Jonathan Gardner jgardner at jonathangardner.net
Thu Aug 27 18:22:33 EDT 2009


On Aug 27, 3:09 pm, "Emanuele D'Arrigo" <man... at gmail.com> wrote:
>
> Apologies, my fault,

No apology is necessary.

> I didn't explain that humans are out of the loop
> entirely. It's only at runtime that the program obtains the class
> object that might or might not conform to an expected interface. In
> fact the program might obtain multiple objects and have to decide
> which one conforms best to the expected interface. Of course I could
> use hasattr() and the inspect module (anything else?) to find out if
> existing attributes and method signatures are those expected. Or I
> could just deal with the exceptions as they are raised. However, if I
> could somehow rely that the object I'm getting has the right methods
> and signatures I could avoid peppering the code with try/except
> constructs.
>
> I was just wondering then if this has been somewhat dealt with and has
> been wrapped in a neat package, set of functions, recipe or pattern.
>

Don't bother with introspection using hasattr() and such.

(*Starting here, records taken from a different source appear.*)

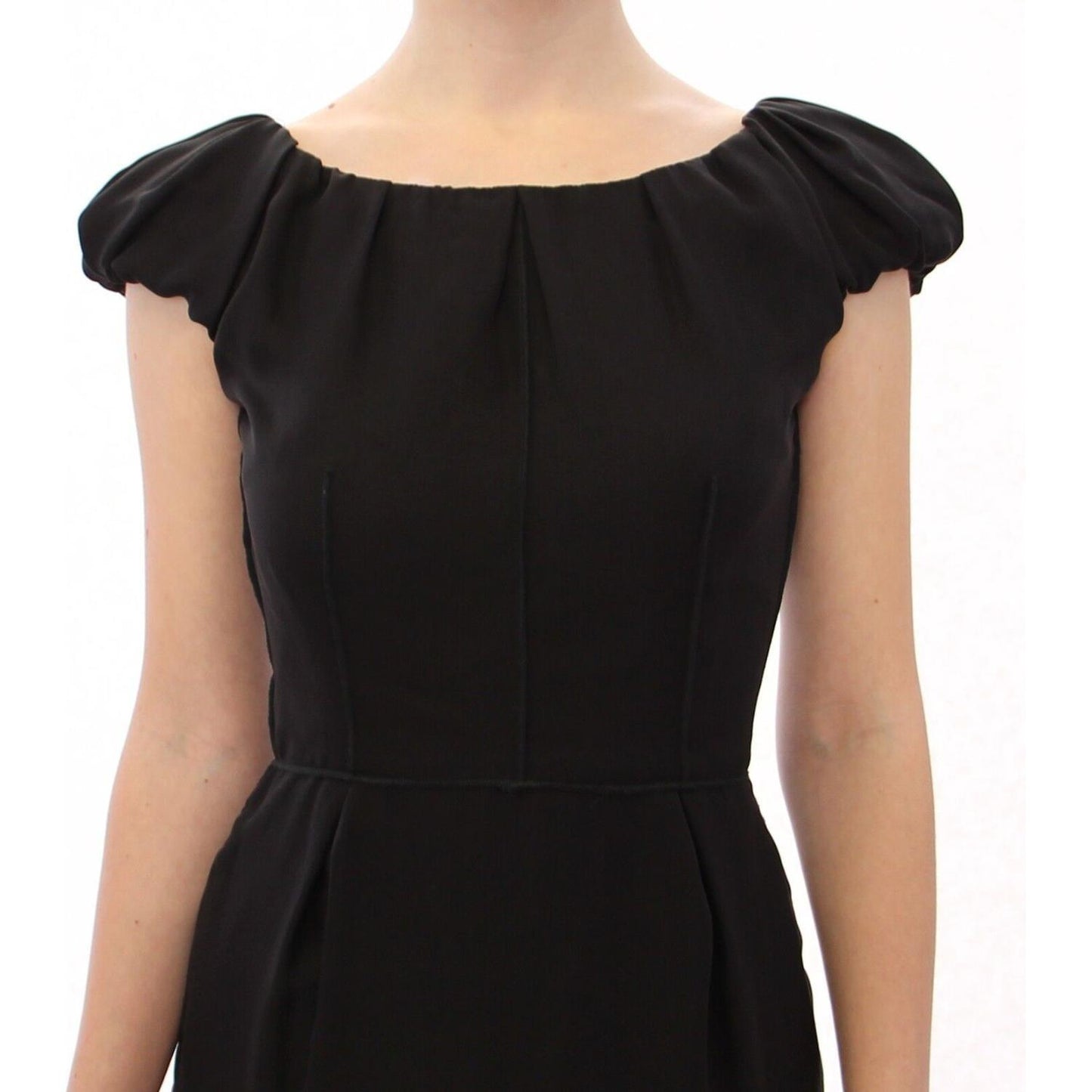 Dolce & Gabbana Black Silk Shortsleeve Gown Maxi IT Dress WOMAN DRESSES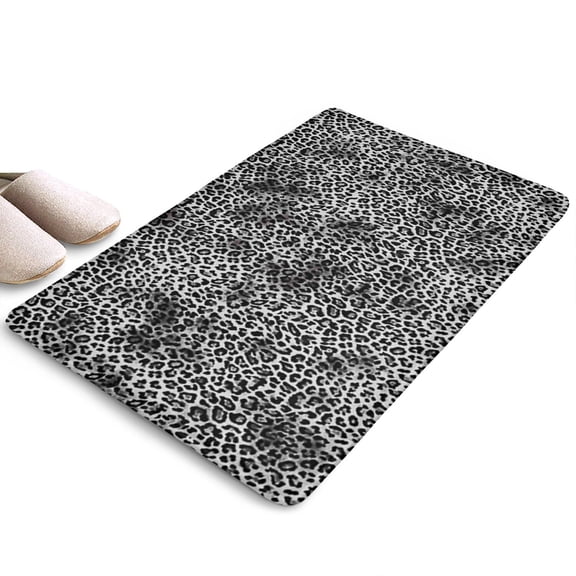 Black and Tan Leopard Print Flannel Non Slip Door Rugs,Washable Door Mats Indoor,Decorative Door Mats,Dirt-Resistant and Absorbent Doormat for Entrance,Bedroom,Kitchen,Bathroom,23.5x16in(60x40cm)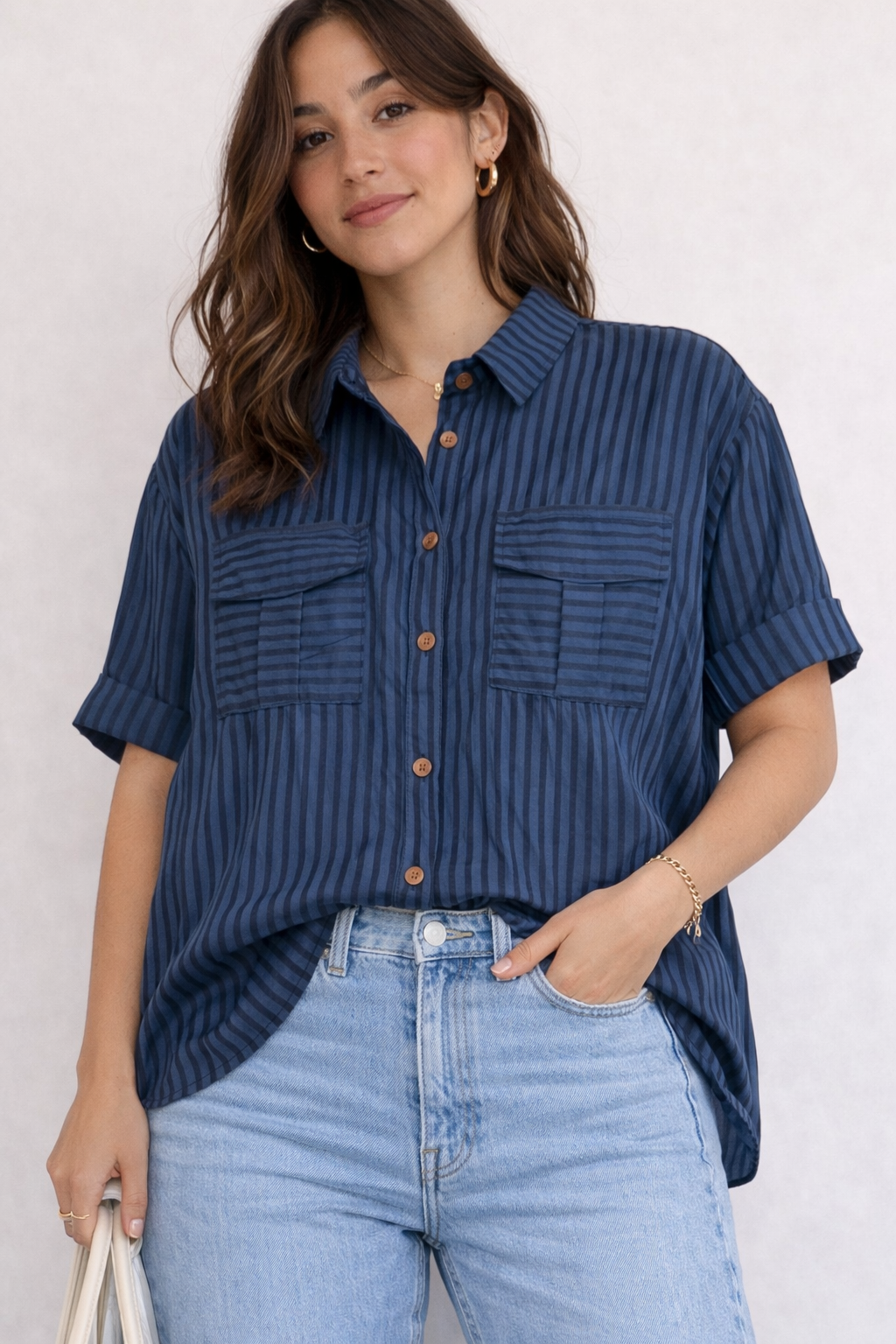 Blue Short Hand Shirt For Girls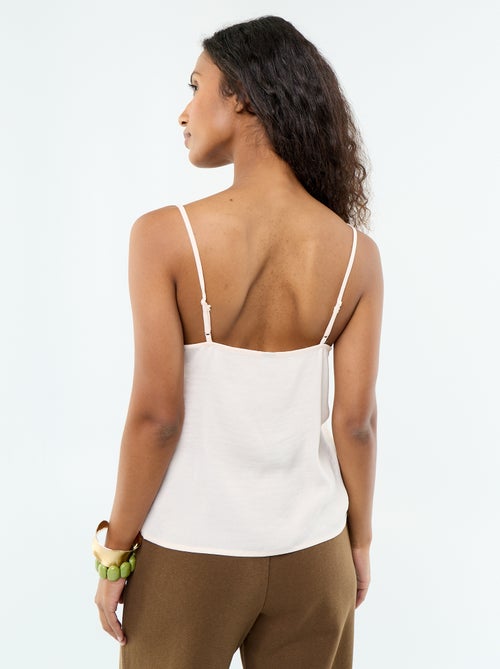 Top satiné avec dentelle - Kiabi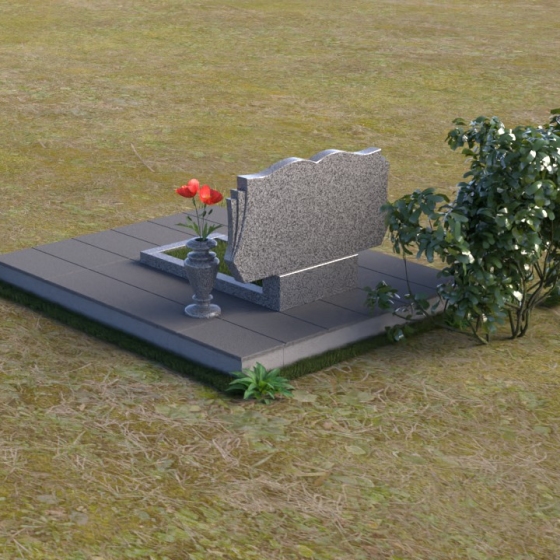 Фигурный памятник — волна из гранита, гранит Мансуровский, вид 4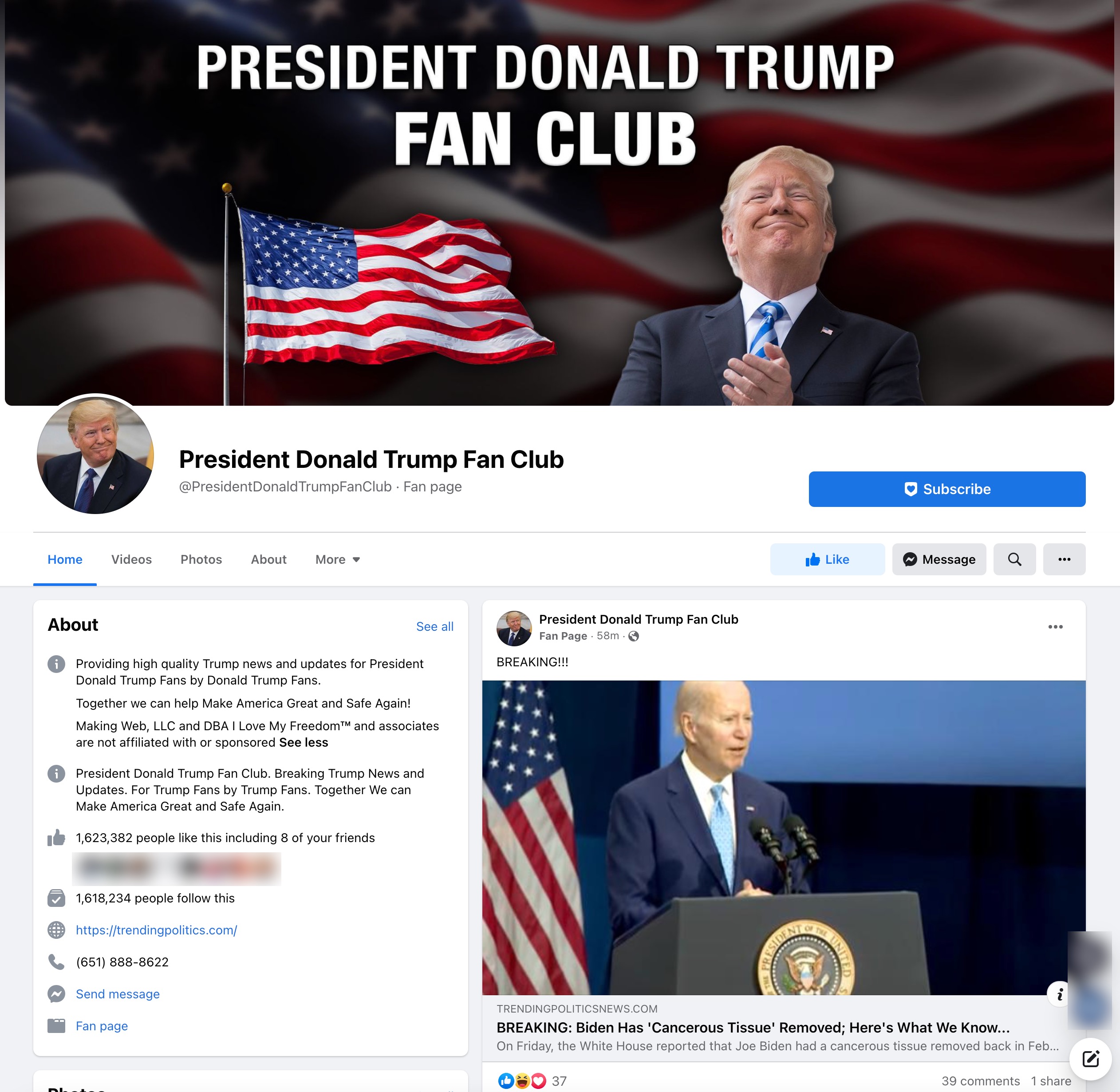 image of facebook page
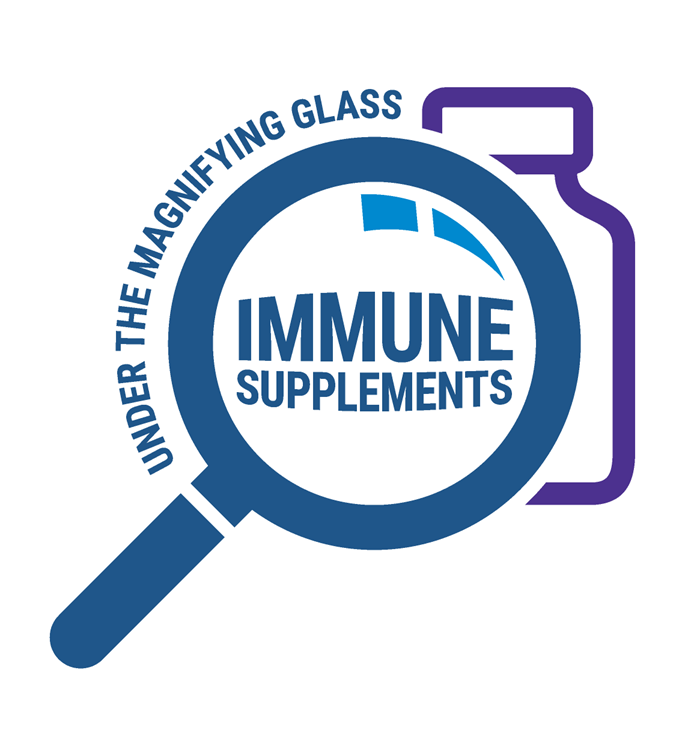 logo for the podcast showing a magnifying glass looking at a supplement bottle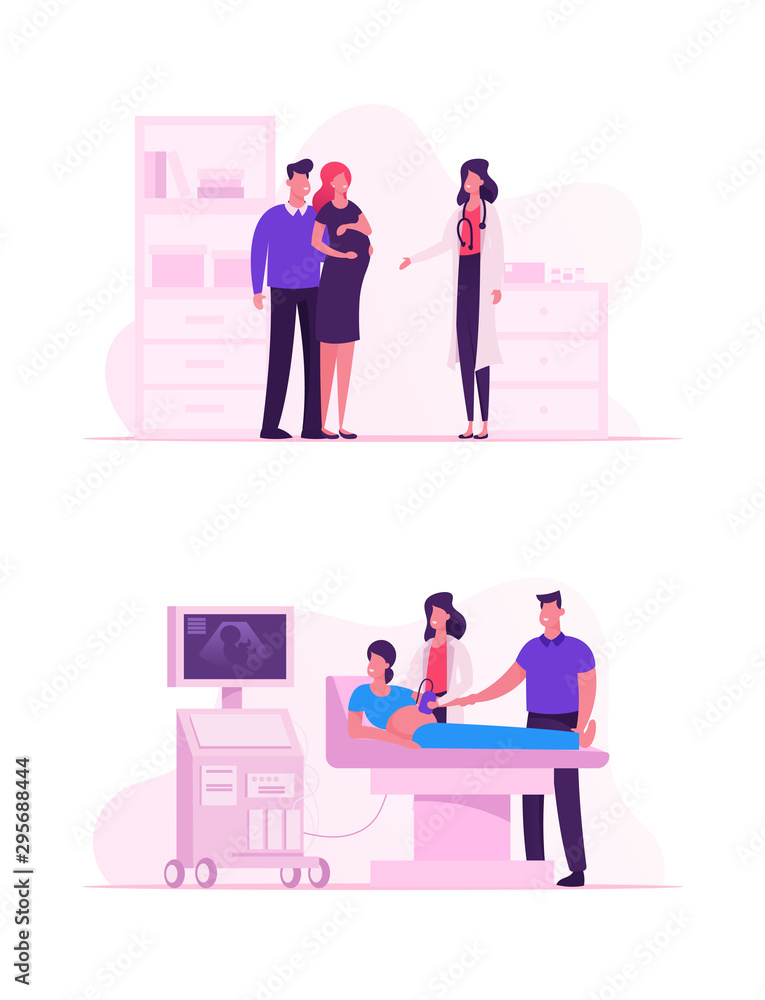 Doctor Doing Ultrasound Fetus Screening Checkup in Clinic. Pregnant Woman and Husband Couple Visit Hospital Doing Baby Belly Sonography Scan Looking at Machine Screen. Cartoon Flat Vector Illustration
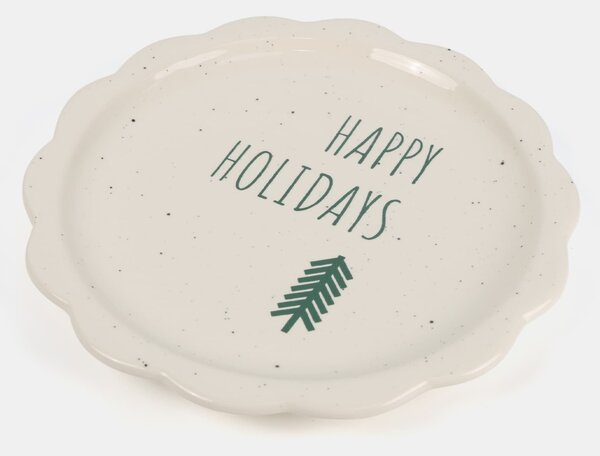 Sinsay - Vánoční keramický talíř s nápisem Happy Holidays - bílá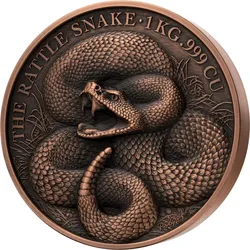 Gigantische 1 Kilo Kupfermünze "Schlange - Snake" 2025 mit Hochrelief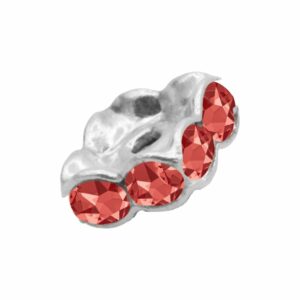 Swarovski 177608 – Rondelle - Square - 8mm - Padparadscha / Silver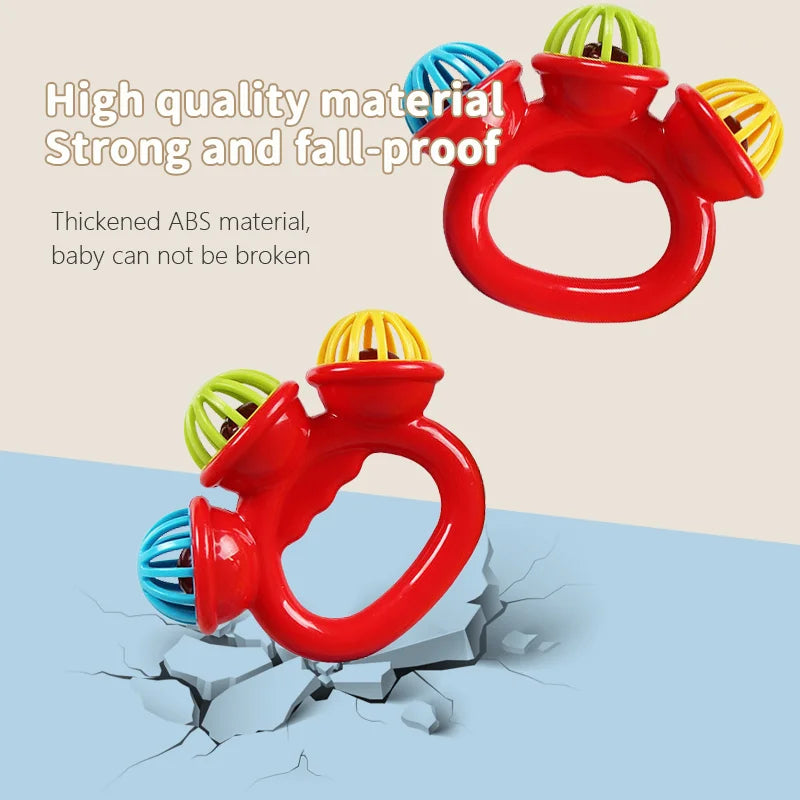 1-4PCS Baby Hand Rattle Ball Toy Newborn Grasping Hand Bell Sensory Toy Kids Safety Materials Toys for 0-24 Months Baby Children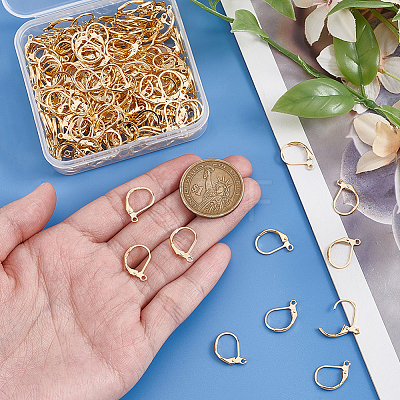 100Pcs 316L Surgical Stainless Steel Leverback Earring Findings STAS-BBC0010-61G-1
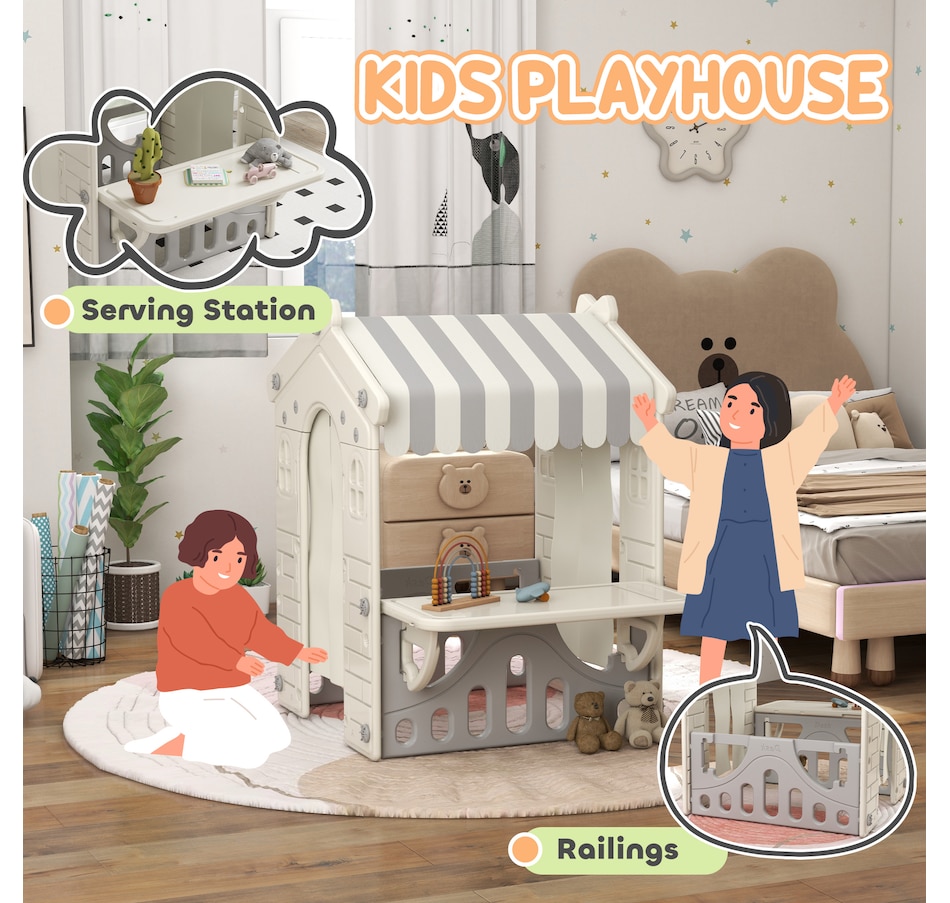 Image 993215_ALTMORE4.jpg, Product 993-215 / Price $109.99, Qaba Kids Playhouse, Indoor Sleek Play House, for Ages 1-6 Years from Qaba on TSC.ca's Home & Garden department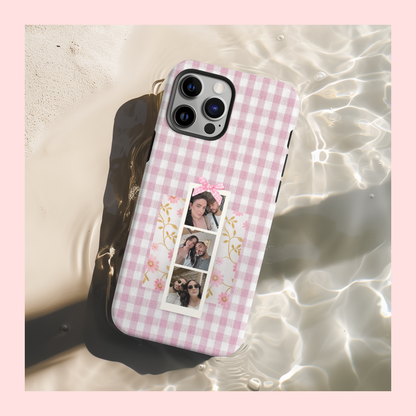 Pink Gingham PhotoStrip Custom Case
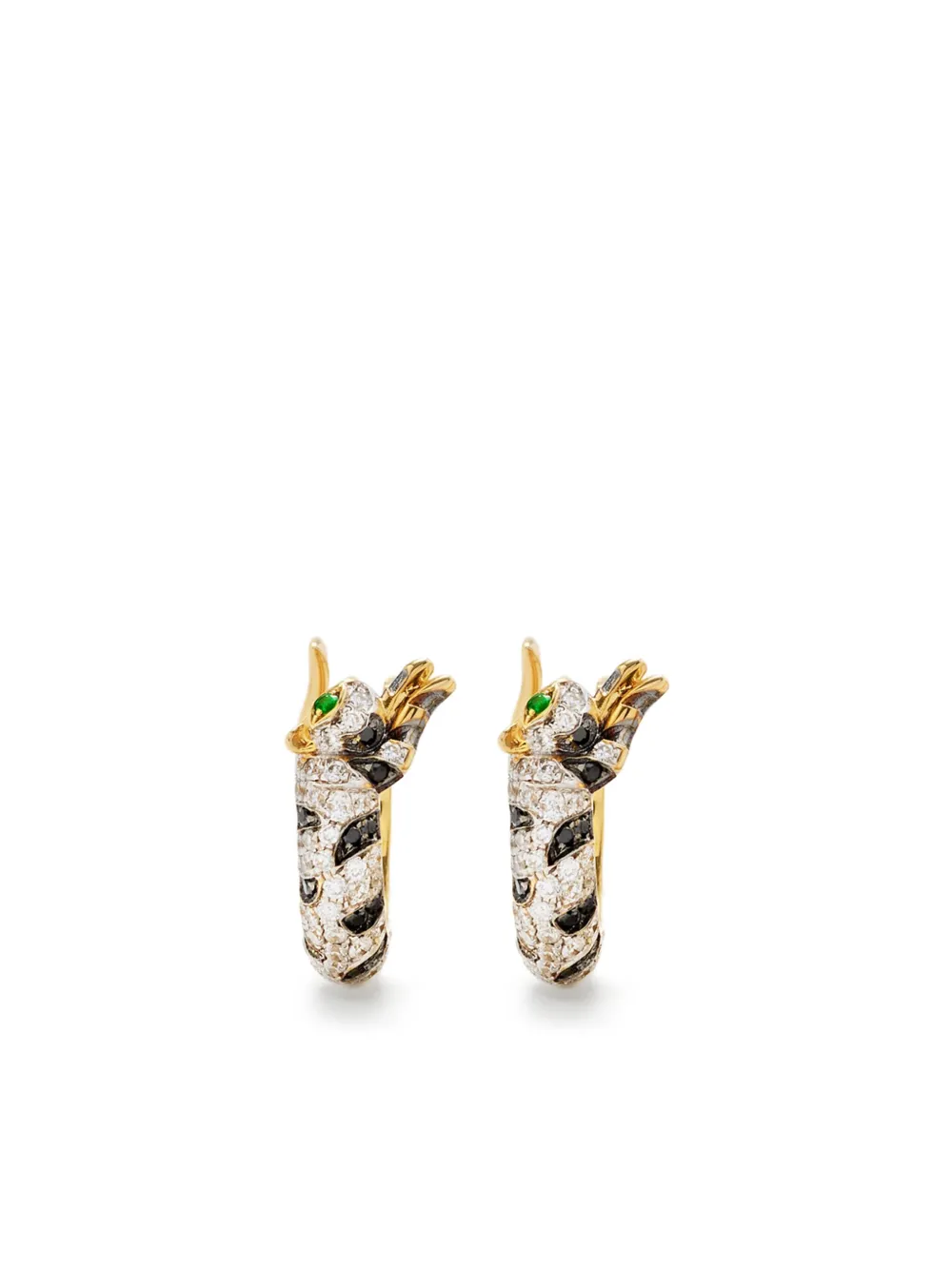 Yvonne Léon 9K yellow gold Mini Créoles Felin diamond and tsavorite hoop earrings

Use
exceptions. If the object that is instantiated at run-time doesn't
provide the right interface, throw an exception and direct it to the
responsible party.

This isn't much different than what you'd do if you're writing an app
that expects a string of digits but is instead given a string of non-
digits. Rather than inspecting the string before converting it
(introspection), just try to convert it and catch the exception. Then
handle the exception such that you tell the person who entered the
data, "I wanted numbers, not letters" and allow them to try again.

When you stop asking "Did I get something I expect?" except only when
it is absolutely necessary, then you can get back to writing your
program.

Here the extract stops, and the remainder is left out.